• INSTRUCTIONS TO FOLLOW: Each entry that follows is to be copied exactly, minus any pictures.

○ ○ ○ ○ ○

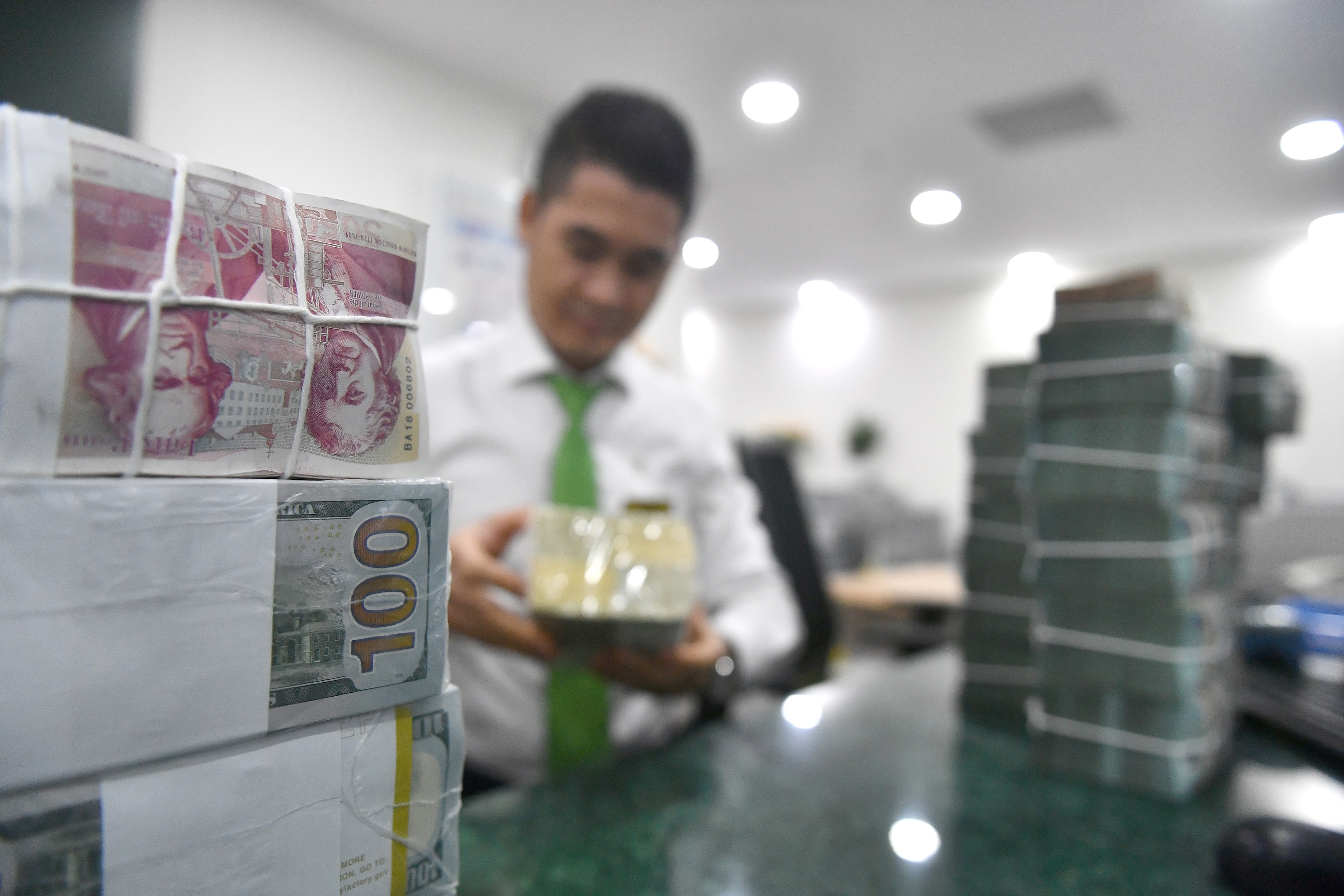 Vietcombank lai gan 10.000 ty quy I, muon nhan chuyen giao 1 ngan hang hinh anh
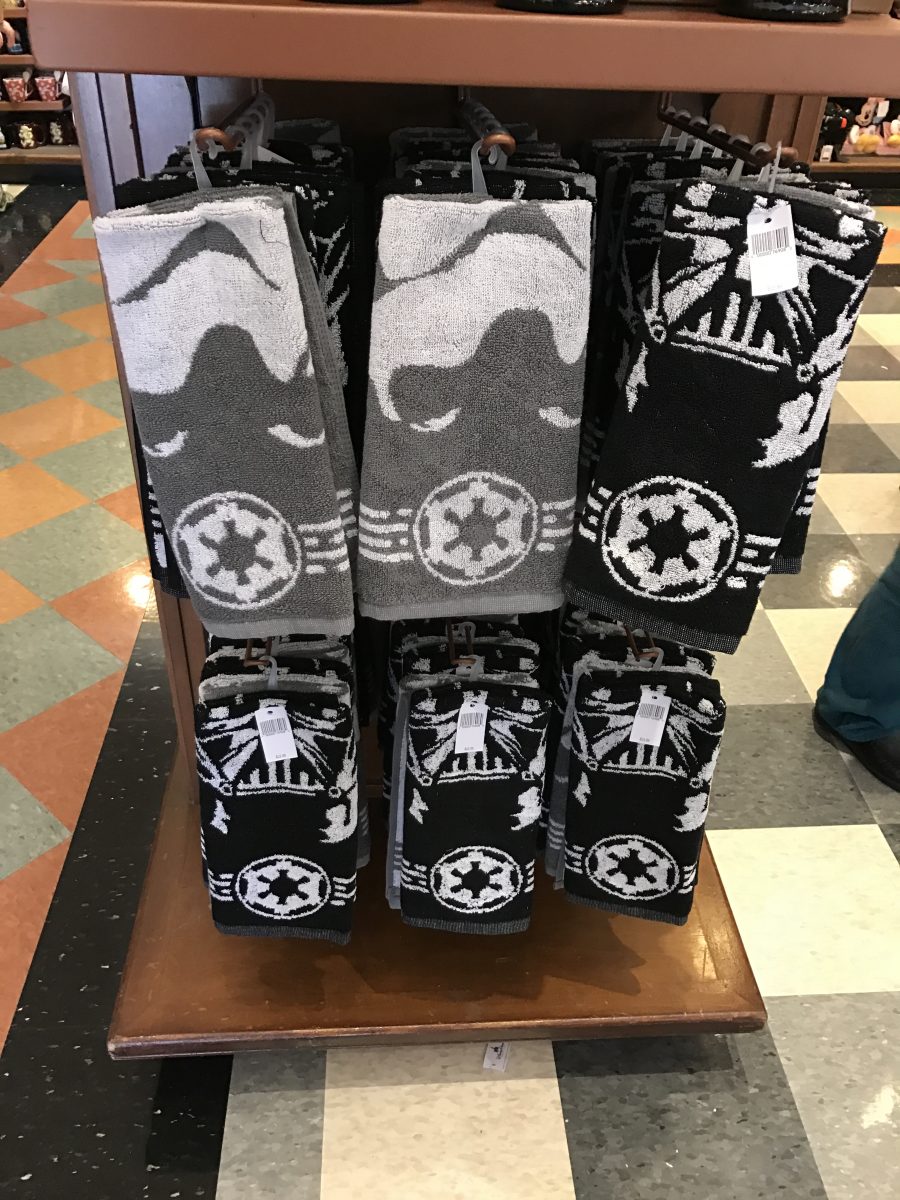 PHOTO REPORT: Hollywood Studios 1/26/17 (Star Wars & Toy Story Land, Goodbye Kermit & Darkroom, ETC.)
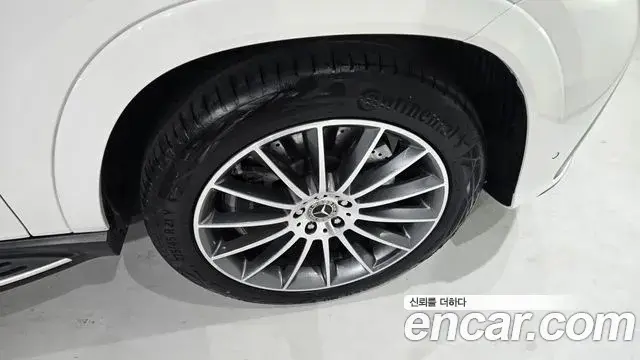 Mercedes-Benz GLE-Class 2026 — Фото 4/20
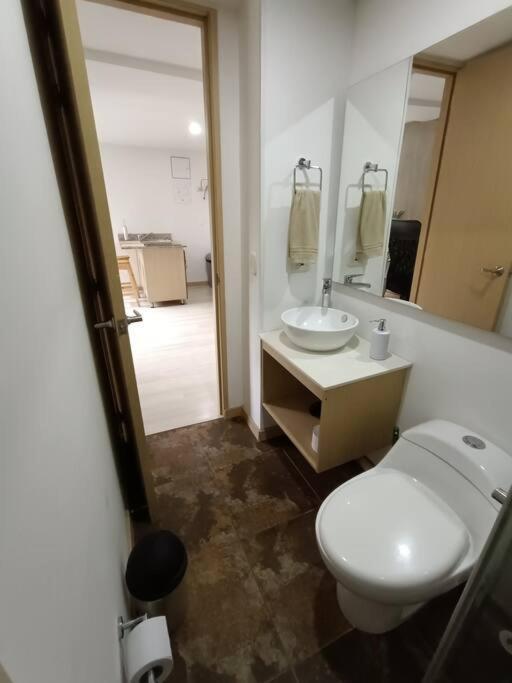 Apartment Comodo En Laureles, Cerca Al Estadio Medellin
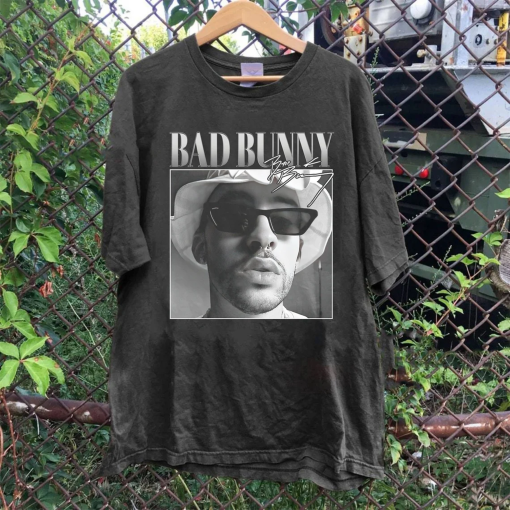 Bad Bunny Vintage 90s Shirt, Bad Bunny Shirt, Bad BunnyShirt, Bad BunnyGraphic Merch, Cute Fan Gift Bad Bunny Shirt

○ ○ ○ ○ ○

• ANSWER:
 Vietcombank lai gan 10.000 ty quy I, muon nhan chuyen giao 1 ngan hang hinh anh
 PHOTO REPORT: Hollywood Studios 1/26/17 (Star Wars & Toy Story Land, Goodbye Kermit & Darkroom, ETC.)
 Mercedes-Benz GLE-Class 2026 — Фото 4/20
 Apartment Comodo En Laureles, Cerca Al Estadio Medellin
 Bad Bunny Vintage 90s Shirt, Bad Bunny Shirt, Bad BunnyShirt, Bad BunnyGraphic Merch, Cute Fan Gift Bad Bunny Shirt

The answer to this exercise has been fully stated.